SOURCE: Boston Micromachines

June 24, 2009 11:30 ET

Boston Micromachines Deformable Mirror Used in Subaru Observatory Extreme Adaptive Optics Project

Subaru Coronagraphic Extreme-AO Project Uses MEMS Deformable Mirror in Direct Imaging Technique

CAMBRIDGE, MA--(Marketwire - June 24, 2009) - Boston Micromachines Corporation, a leading provider of MEMS-based deformable mirror (DM) products for adaptive optics systems, announced today that its Kilo-DM is being used in the Subaru Coronagraphic Extreme-AO project (SCExAO) in a direct imaging technique in the search for extrasolar planets. This system, which is aimed at imaging faint planets around stars, is currently under assembly and slated for on sky use in 2010.
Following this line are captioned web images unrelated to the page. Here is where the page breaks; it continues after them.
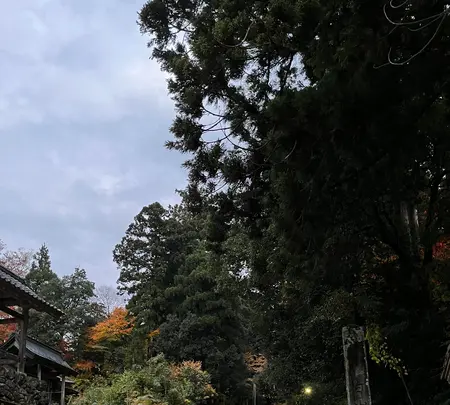 平泉寺白山神社の写真・動画_image_564570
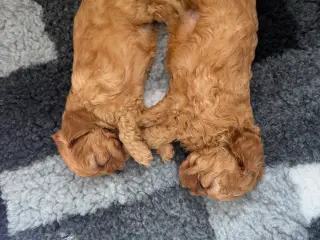 Cavapoo hvalpe F1 - 2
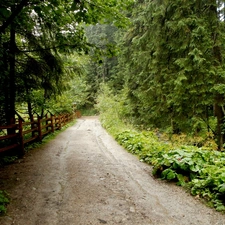 forest, trees, viewes, Path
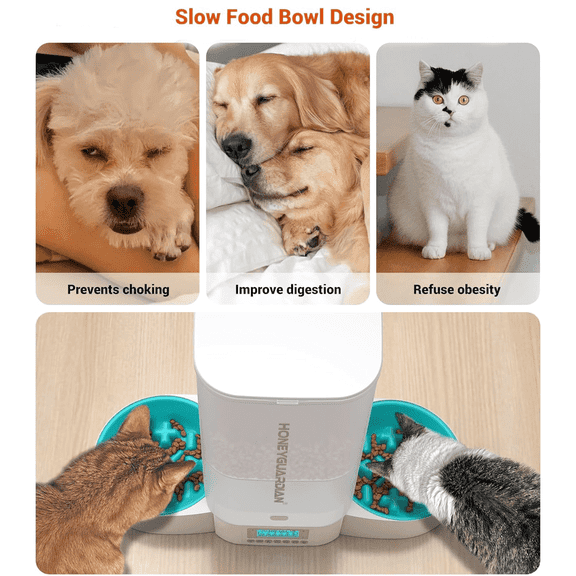 5L Large Capacity HONEYGUARIDAN Automatic Cat Feeder for Two Cats,5L Cat Food Dispenser with Slow Feeder Bowl, Timed Cat Feeder Programmable 1-6 Meals Control, Dual Power Supply, 10s Meal Call White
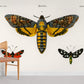 Colorful Moths Wall Mural For Room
The SCExAO system combines Boston Micromachines' Kilo-DM, a 1020-actuator MEMS deformable mirror for high accuracy wavefront correction and a high performance Phase Induced Amplitude Apodization (PIAA) coronagraph. SCExAO's goal is to view planets much fainter and closer to their stars than possible with current techniques. The foremost limit in current adaptive optics systems is the difficulty in determining the difference between a planet image and "speckles" which are actually starlight scattered across the image because of small residual wavefront error.

"The Kilo-DM enables us to actively test if light is starlight speckles or a real planet, using the fundamental property that starlight interferes with speckles, but planet light will not," said Olivier Guyon, astronomer at the Subaru Observatory and the University of Arizona. "With its high number of actuators, the Kilo-DM gives us the ability to rapidly modulate the wavefront in a way which tests, for each point in the image, if the light we are seeing is starlight or planet light. Laboratory tests have validated this new technique. We can measure speckles almost a billion times fainter than the central source."

"The discovery of extrasolar planets is an exciting field and we are happy that the excellent team at the Subaru Observatory has selected our mirrors for use in their system," said Paul Bierden, president and CEO of Boston Micromachines. "I believe that our deformable mirrors can be an enabling technology to help meet the challenging requirements of astronomical research."

Work is also underway with the University of Arizona to use the same technique on the Large Binocular Telescope and discussions are in process for high performance exoplanet imagers on future Extremely Large Telescopes.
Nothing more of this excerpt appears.